● **Task goal**
Print the line containing "Mi Ami Pink" and all lines after it, unchanged, through the end of the data. Leave the pictures out.

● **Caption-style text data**
BEGIN

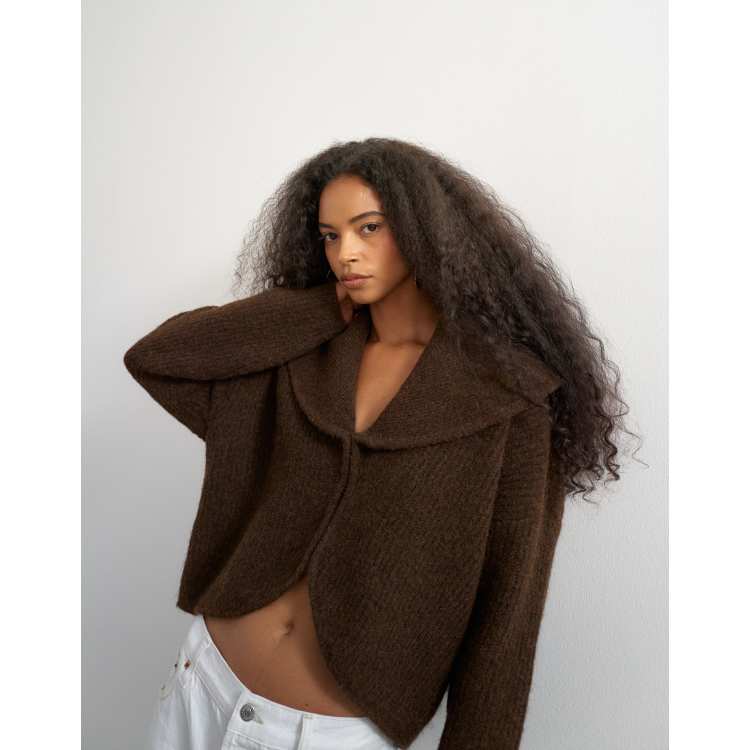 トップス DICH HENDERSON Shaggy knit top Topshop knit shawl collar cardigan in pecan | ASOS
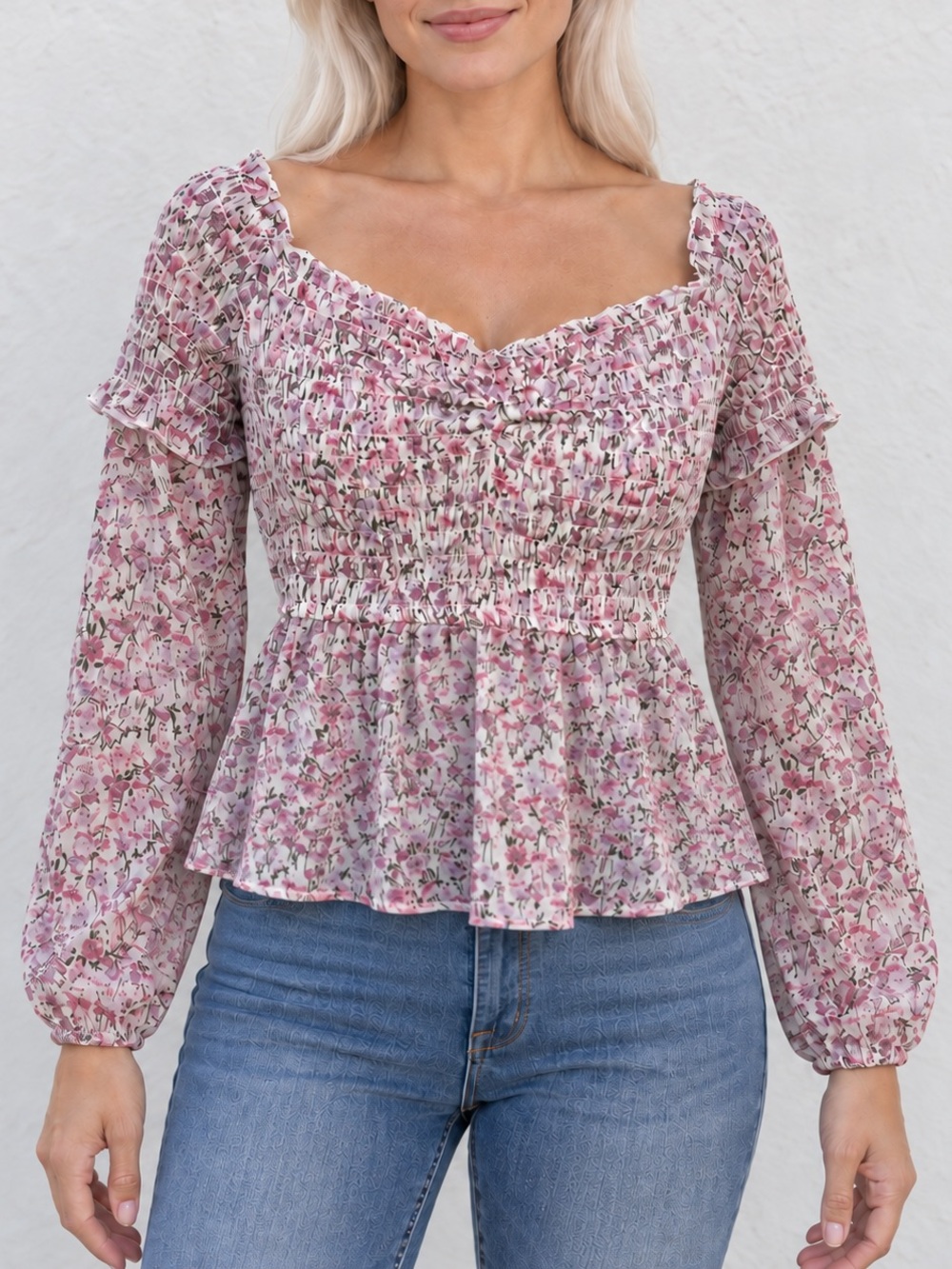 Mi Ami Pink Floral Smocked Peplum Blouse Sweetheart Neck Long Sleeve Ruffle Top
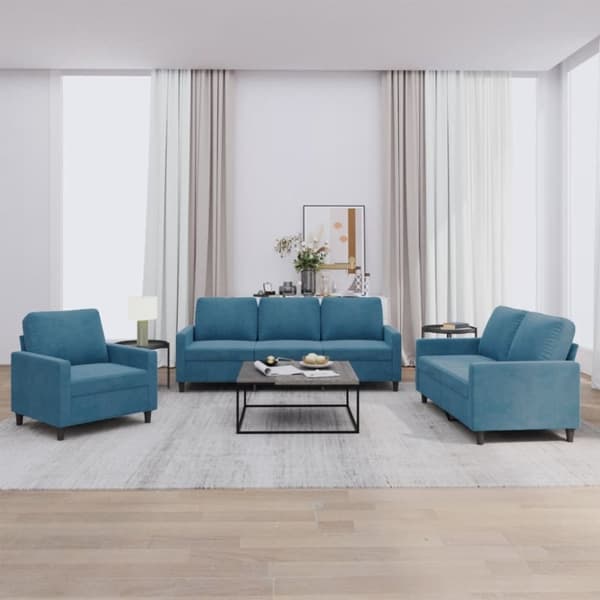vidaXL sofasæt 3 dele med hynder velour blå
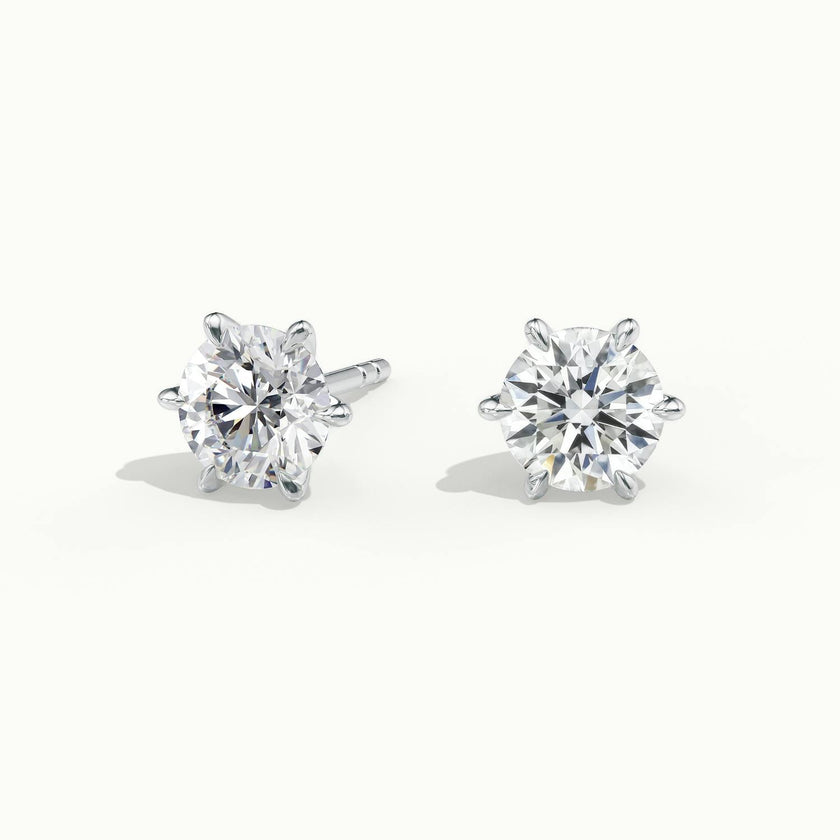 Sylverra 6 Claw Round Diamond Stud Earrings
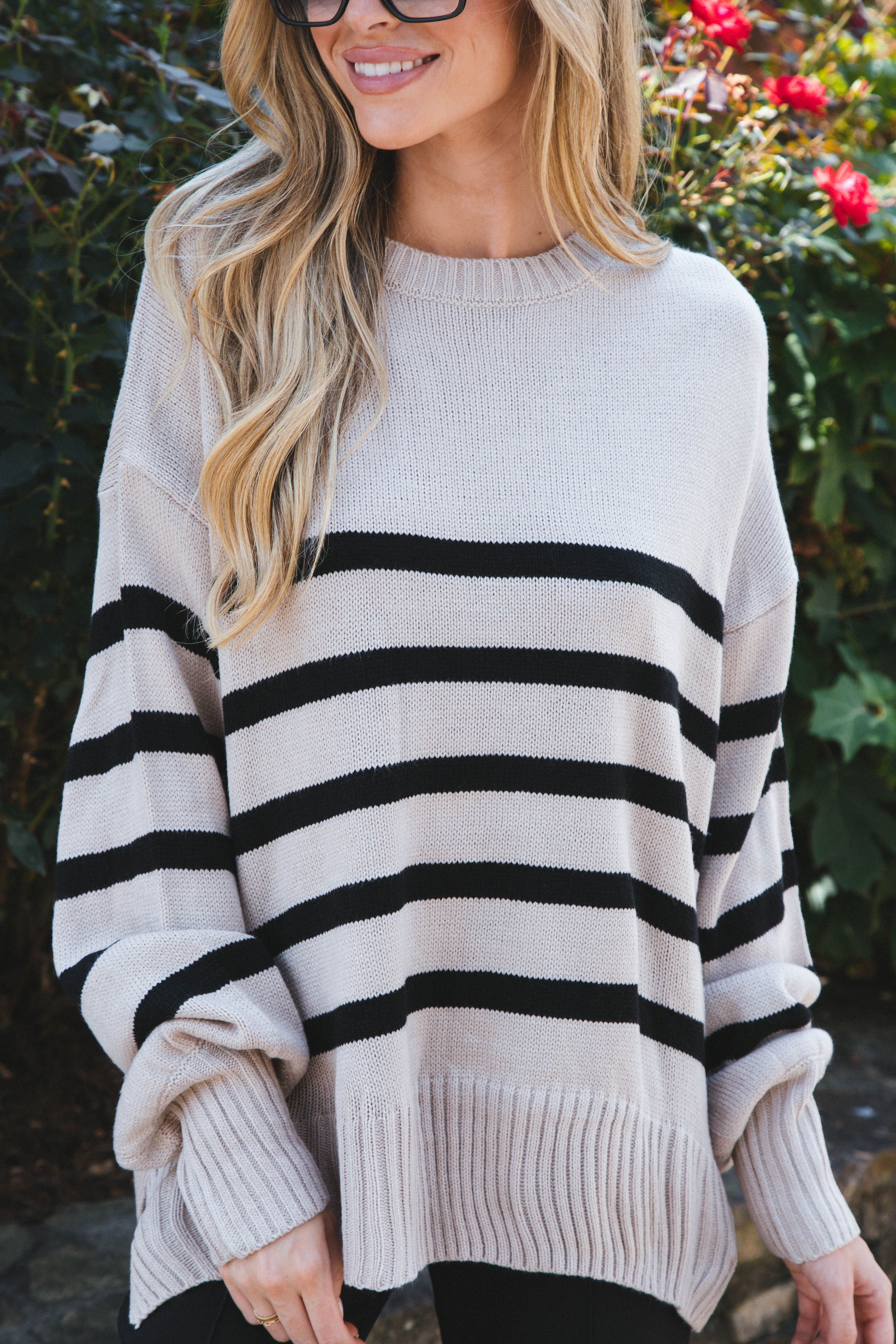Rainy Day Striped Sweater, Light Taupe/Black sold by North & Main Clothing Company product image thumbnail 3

END

● **Written reply**
 Mi Ami Pink Floral Smocked Peplum Blouse Sweetheart Neck Long Sleeve Ruffle Top
vidaXL sofasæt 3 dele med hynder velour blå
 Sylverra 6 Claw Round Diamond Stud Earrings
Rainy Day Striped Sweater, Light Taupe/Black sold by North & Main Clothing Company product image thumbnail 3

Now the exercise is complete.